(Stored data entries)
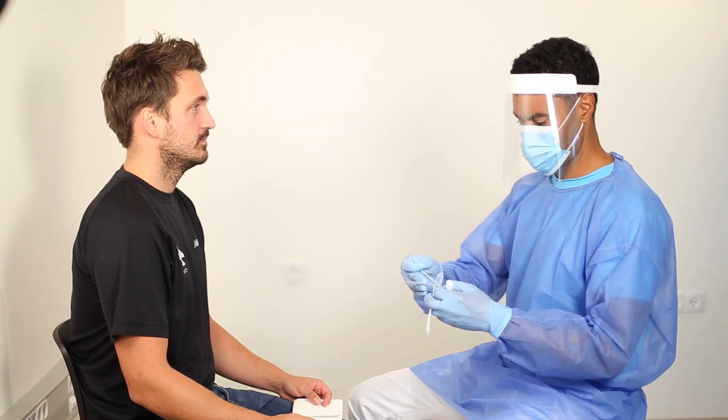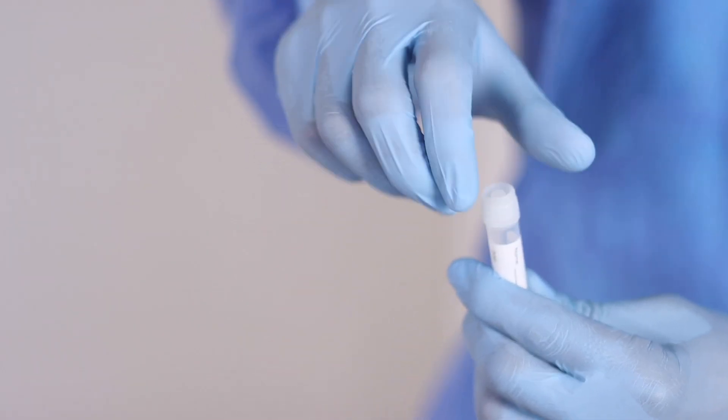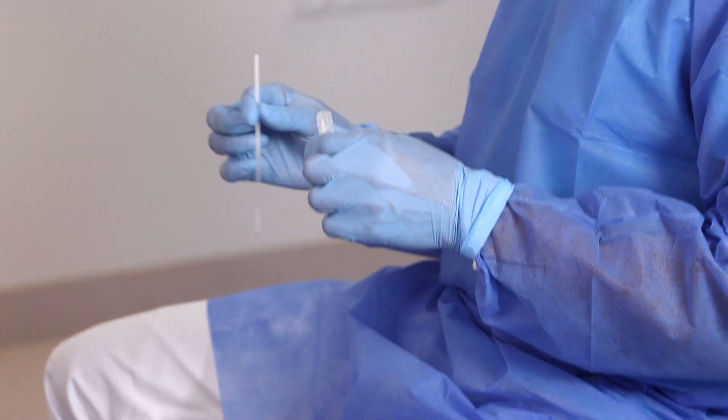Remove the swab from the packaging. Open the lid so the swab with the specimen can easily be submerged in viral transport medium.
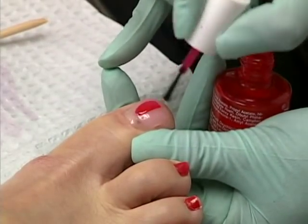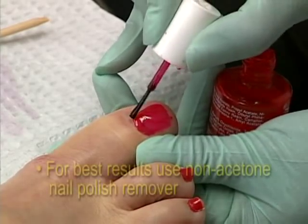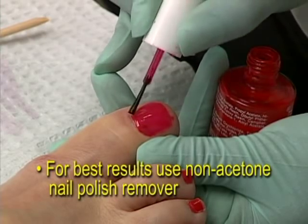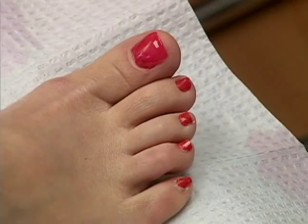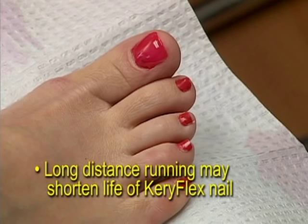Patients may also apply nail polish immediately to the new Keriflex nail. For best results, the patient should use non-acetone nail polish remover. The Keriflex nail requires very little care. Patients should avoid kicking objects, which would subject the Keriflex nail to mechanical stress. Long distance running may shorten the life of the Keriflex nail.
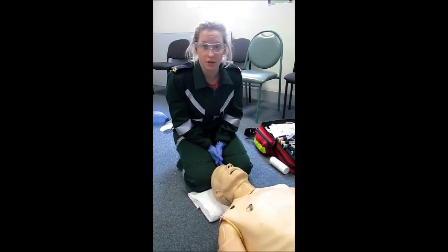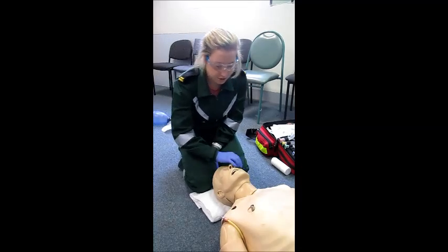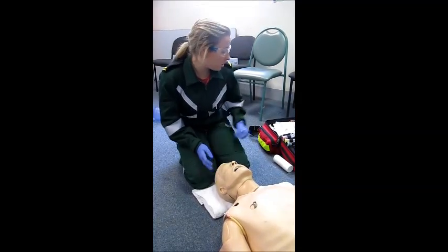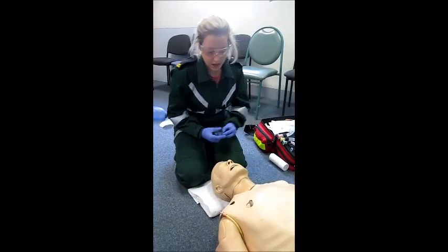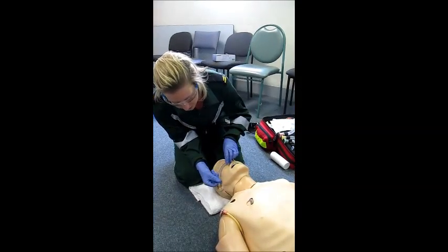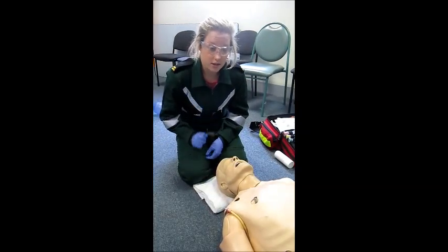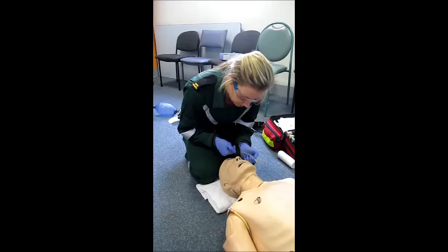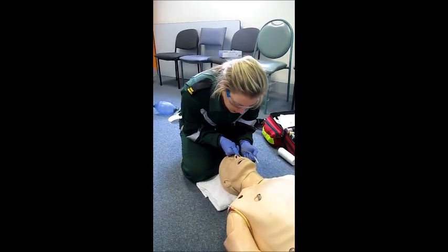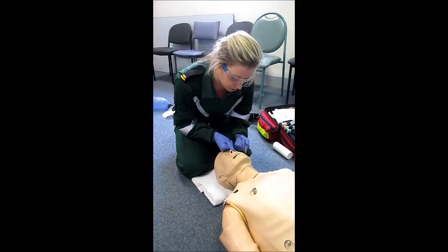I will now demonstrate the insertion of an NPA. NPAs are used in unconscious patients with trismus. They are not used in patients who have mid or lower third facial fractures or significant nasal trauma. A common error is using an inappropriately sized NPA, so we measure it from the nostril down to the earlobe. I have lubricated this to aid insertion as well. I'm going to visually inspect the nostrils, looking for any obstructions, and then choose the largest nostril.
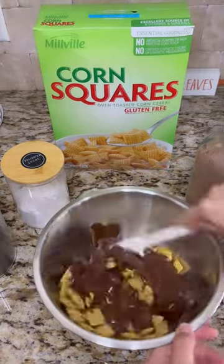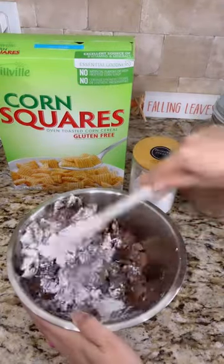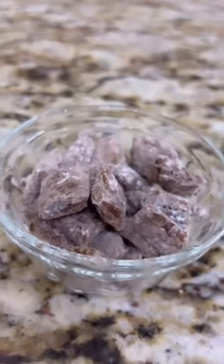You're going to add your Chex and your melted chocolate and peanut butter to a bowl and stir. Pop it in the fridge for about 20 minutes and then you're going to break it up into chunks, add it back into the bowl and add in your powdered sugar and protein and enjoy!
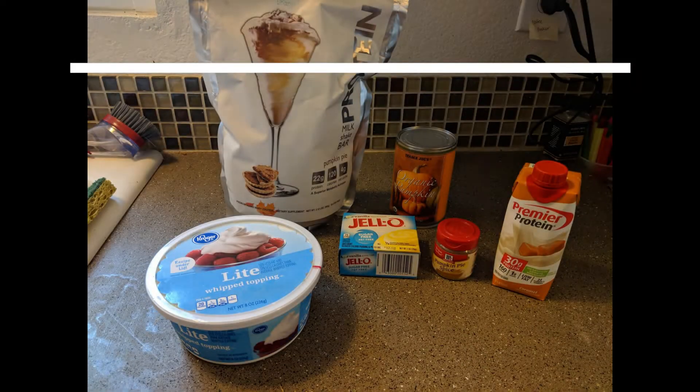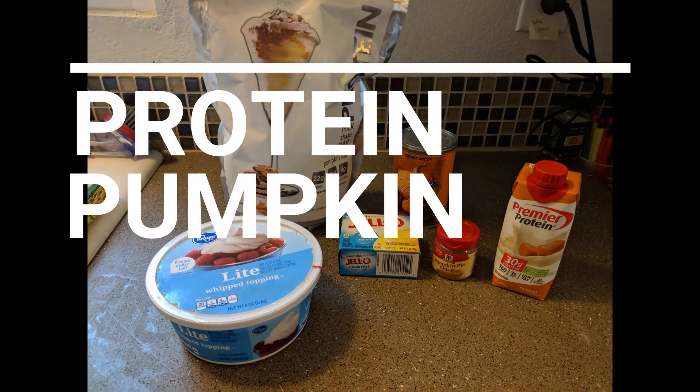If you wanted lower carb, you could just make your own homemade whipped cream with heavy whipping cream — it will be different macros, higher fat, higher calorie, but much lower carb. Stick around if you want to watch the video. I'm here today to show you how to make this protein pumpkin whip.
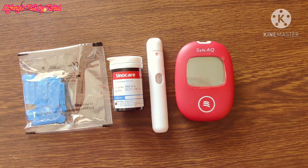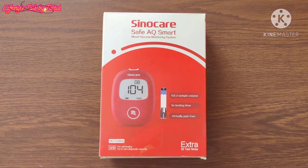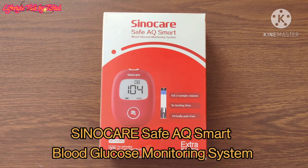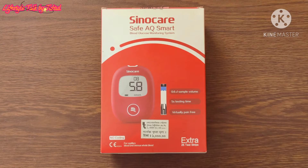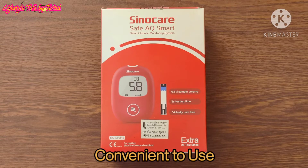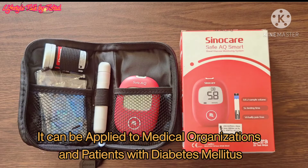Assalamualaikum, welcome to Lifestyle Talk by Tultul. Today I'm back again with this week's video. We are going to learn how to use a lancing device and a blood glucose meter. I am going to use the Sinecare Safe AQ Smart blood glucose monitoring system. It is easy to operate and convenient to use, and it can be applied to medical organizations and patients with diabetes mellitus.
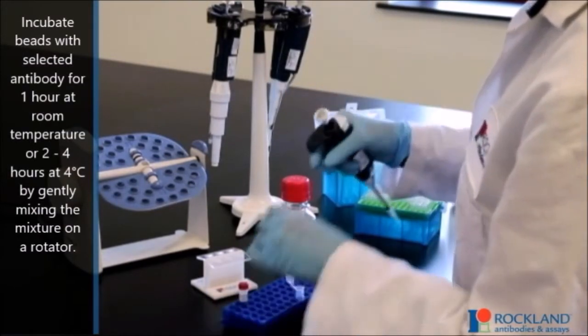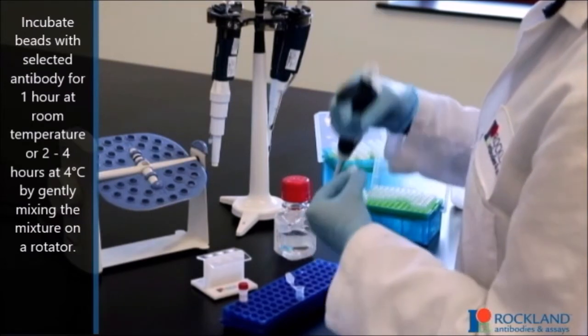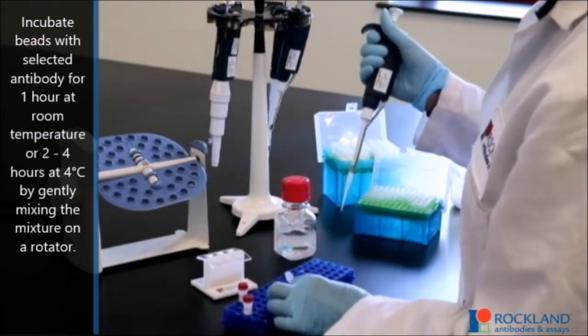Incubate beads with selective antibody for one hour at room temperature or two to four hours at four degrees Celsius, by gently mixing the mixture on a rotator.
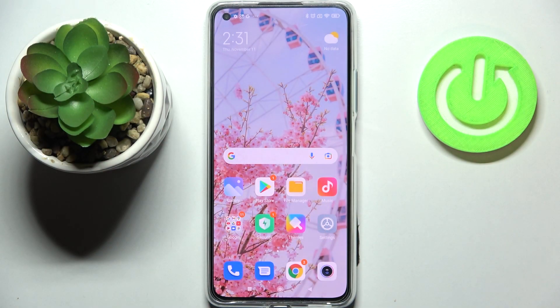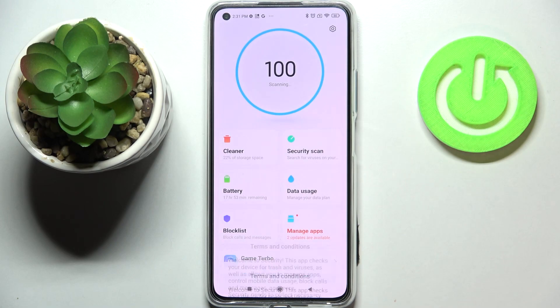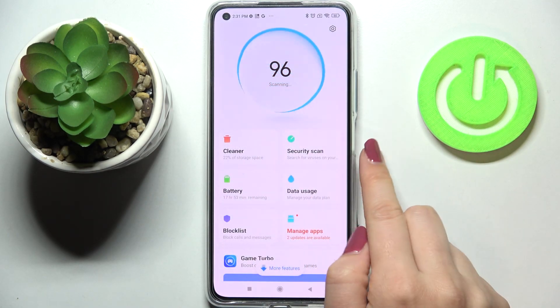Hi everyone, in front of me I've got the Xiaomi 11 Lite and let me share with you how to virus scan your device. All you have to do is simply open the pre-installed app which is called Security. Let's tap on it and of course give all the permissions.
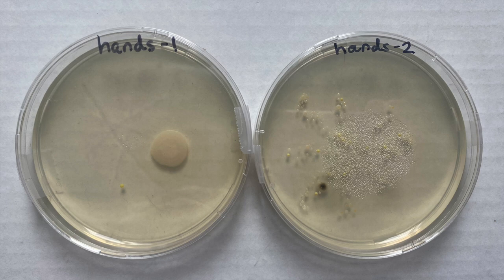In our last image, we're looking at a comparison of the hands one and hands two plates. We swabbed my son's hands, he went and washed them, and then we swabbed again after washing — that's the hands two plate. There are still some colonies visible. My hypothesis is that after washing, my son blew his hands dry from his mouth. Since the mouth contains a lot of bacteria, blowing his hands dry may have reintroduced some bacteria back onto his hands.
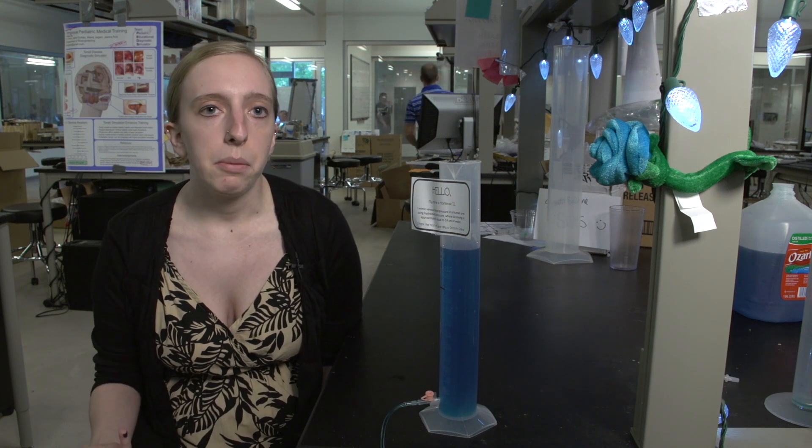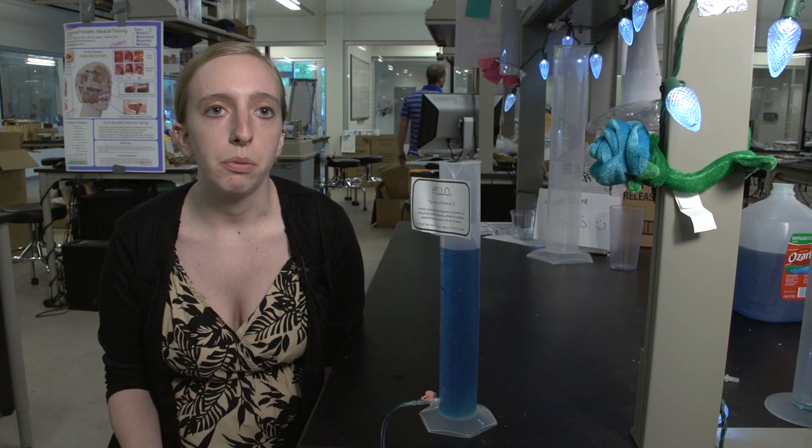The idea behind maintaining them properly is that they should be flushed routinely with sterile saline. So what we're trying to do is make catheter flushing accessible to these low-income environments in order to improve the health care of those patients and decrease the risk of infection.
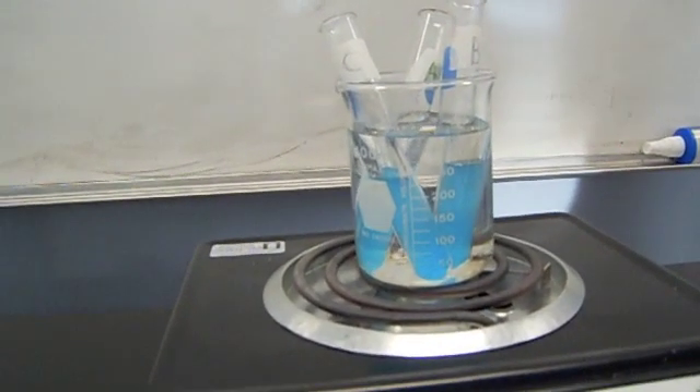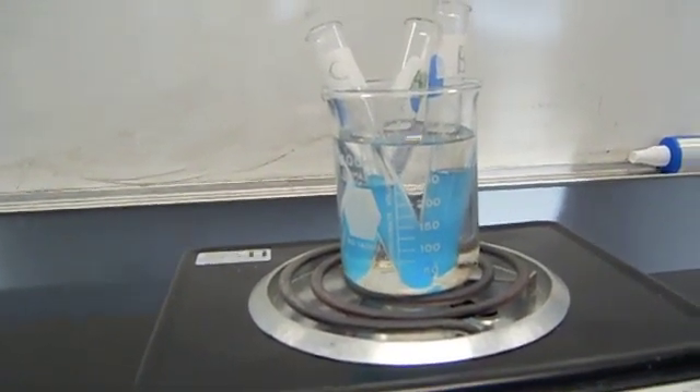Test tube A, containing starch and saliva treated with vinegar, had a negative reaction because the pH level denatured the enzyme and could not process the starch. Test tube B, containing starch, saliva, and water treated in a boiling water bath, had a weak positive reaction because the temperature slightly changed the enzyme and it is not as effective as it would have been at normal temperatures. In this experiment we saw how enzymes worked in normal conditions, but we would like to see how enzymes would react in space with more complex conditions.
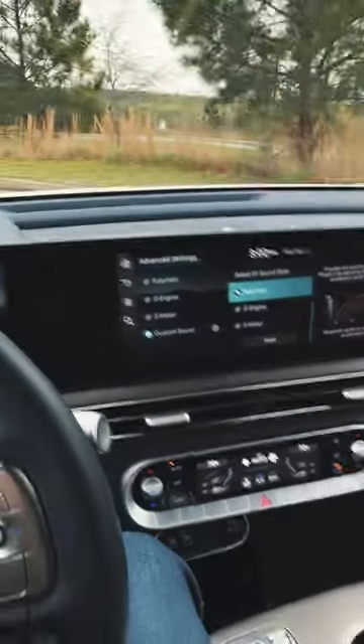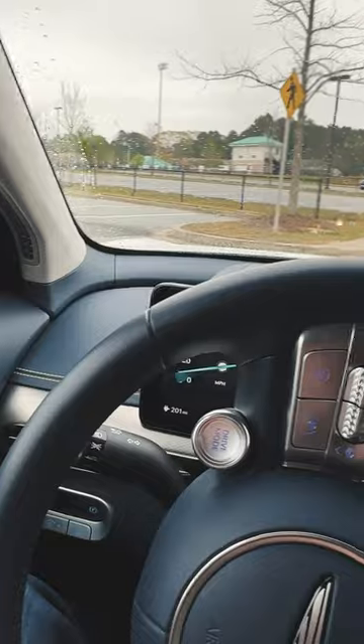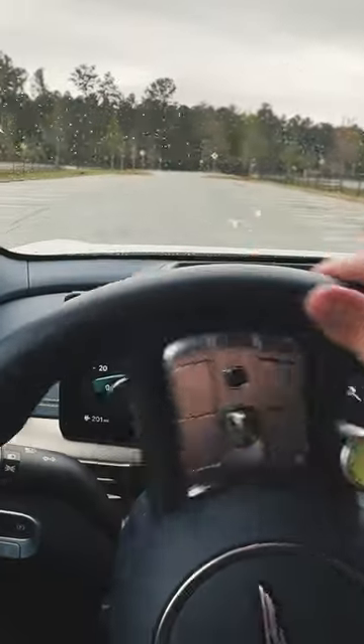Let's take a listen to the different drive sounds of the Genesis GV60. I'm starting with Futuristic Sound mode turned up to max volume — here we go.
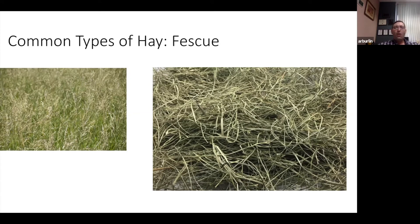Fescue quality varies greatly depending on maturity when cut. A really good high-quality fescue hay could easily run 16–17% protein and be very high in digestibility and energy up in the 70s. But if it gets really mature, has been through drought, or wasn't fertilized, the quality can be very low. It has great variability in quality depending on the environment and the stage at which it was cut.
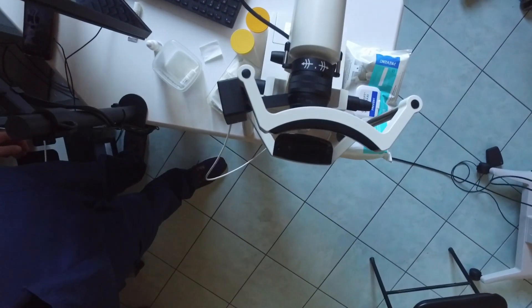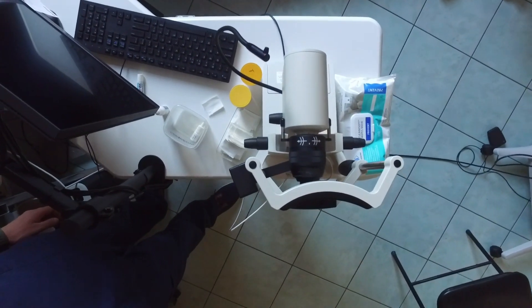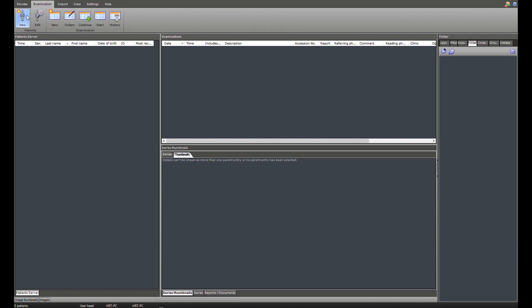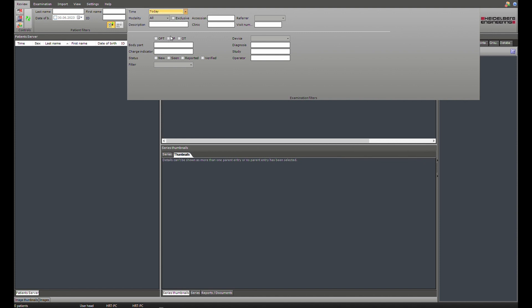Although the HRT3 is small, this whole setup with the computer, keyboard, and machine takes some space. For people familiar with other instruments from Heidelberg, there is the very same HEX software you'll find on other instruments. I always applaud companies for using one software across multiple platforms because it's much easier for users. This is a quite friendly and easy-to-use software. You can add new patients, search for patients based on date of birth, date of exam, type of modality, and so on.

Task goal
Return every record exactly. Pictures stay out.

Written reply
Remove the swab from the packaging. Open the lid so the swab with the specimen can easily be submerged in viral transport medium.
Patients may also apply nail polish immediately to the new Keriflex nail. For best results, the patient should use non-acetone nail polish remover. The Keriflex nail requires very little care. Patients should avoid kicking objects, which would subject the Keriflex nail to mechanical stress. Long distance running may shorten the life of the Keriflex nail.
I will now demonstrate the insertion of an NPA. NPAs are used in unconscious patients with trismus. They are not used in patients who have mid or lower third facial fractures or significant nasal trauma. A common error is using an inappropriately sized NPA, so we measure it from the nostril down to the earlobe. I have lubricated this to aid insertion as well. I'm going to visually inspect the nostrils, looking for any obstructions, and then choose the largest nostril.
You're going to add your Chex and your melted chocolate and peanut butter to a bowl and stir. Pop it in the fridge for about 20 minutes and then you're going to break it up into chunks, add it back into the bowl and add in your powdered sugar and protein and enjoy!
If you wanted lower carb, you could just make your own homemade whipped cream with heavy whipping cream — it will be different macros, higher fat, higher calorie, but much lower carb. Stick around if you want to watch the video. I'm here today to show you how to make this protein pumpkin whip.
Assalamualaikum, welcome to Lifestyle Talk by Tultul. Today I'm back again with this week's video. We are going to learn how to use a lancing device and a blood glucose meter. I am going to use the Sinecare Safe AQ Smart blood glucose monitoring system. It is easy to operate and convenient to use, and it can be applied to medical organizations and patients with diabetes mellitus.
Incubate beads with selective antibody for one hour at room temperature or two to four hours at four degrees Celsius, by gently mixing the mixture on a rotator.
Hi everyone, in front of me I've got the Xiaomi 11 Lite and let me share with you how to virus scan your device. All you have to do is simply open the pre-installed app which is called Security. Let's tap on it and of course give all the permissions.
In our last image, we're looking at a comparison of the hands one and hands two plates. We swabbed my son's hands, he went and washed them, and then we swabbed again after washing — that's the hands two plate. There are still some colonies visible. My hypothesis is that after washing, my son blew his hands dry from his mouth. Since the mouth contains a lot of bacteria, blowing his hands dry may have reintroduced some bacteria back onto his hands.
The idea behind maintaining them properly is that they should be flushed routinely with sterile saline. So what we're trying to do is make catheter flushing accessible to these low-income environments in order to improve the health care of those patients and decrease the risk of infection.
Test tube A, containing starch and saliva treated with vinegar, had a negative reaction because the pH level denatured the enzyme and could not process the starch. Test tube B, containing starch, saliva, and water treated in a boiling water bath, had a weak positive reaction because the temperature slightly changed the enzyme and it is not as effective as it would have been at normal temperatures. In this experiment we saw how enzymes worked in normal conditions, but we would like to see how enzymes would react in space with more complex conditions.
Let's take a listen to the different drive sounds of the Genesis GV60. I'm starting with Futuristic Sound mode turned up to max volume — here we go.
Fescue quality varies greatly depending on maturity when cut. A really good high-quality fescue hay could easily run 16–17% protein and be very high in digestibility and energy up in the 70s. But if it gets really mature, has been through drought, or wasn't fertilized, the quality can be very low. It has great variability in quality depending on the environment and the stage at which it was cut.
Although the HRT3 is small, this whole setup with the computer, keyboard, and machine takes some space. For people familiar with other instruments from Heidelberg, there is the very same HEX software you'll find on other instruments. I always applaud companies for using one software across multiple platforms because it's much easier for users. This is a quite friendly and easy-to-use software. You can add new patients, search for patients based on date of birth, date of exam, type of modality, and so on.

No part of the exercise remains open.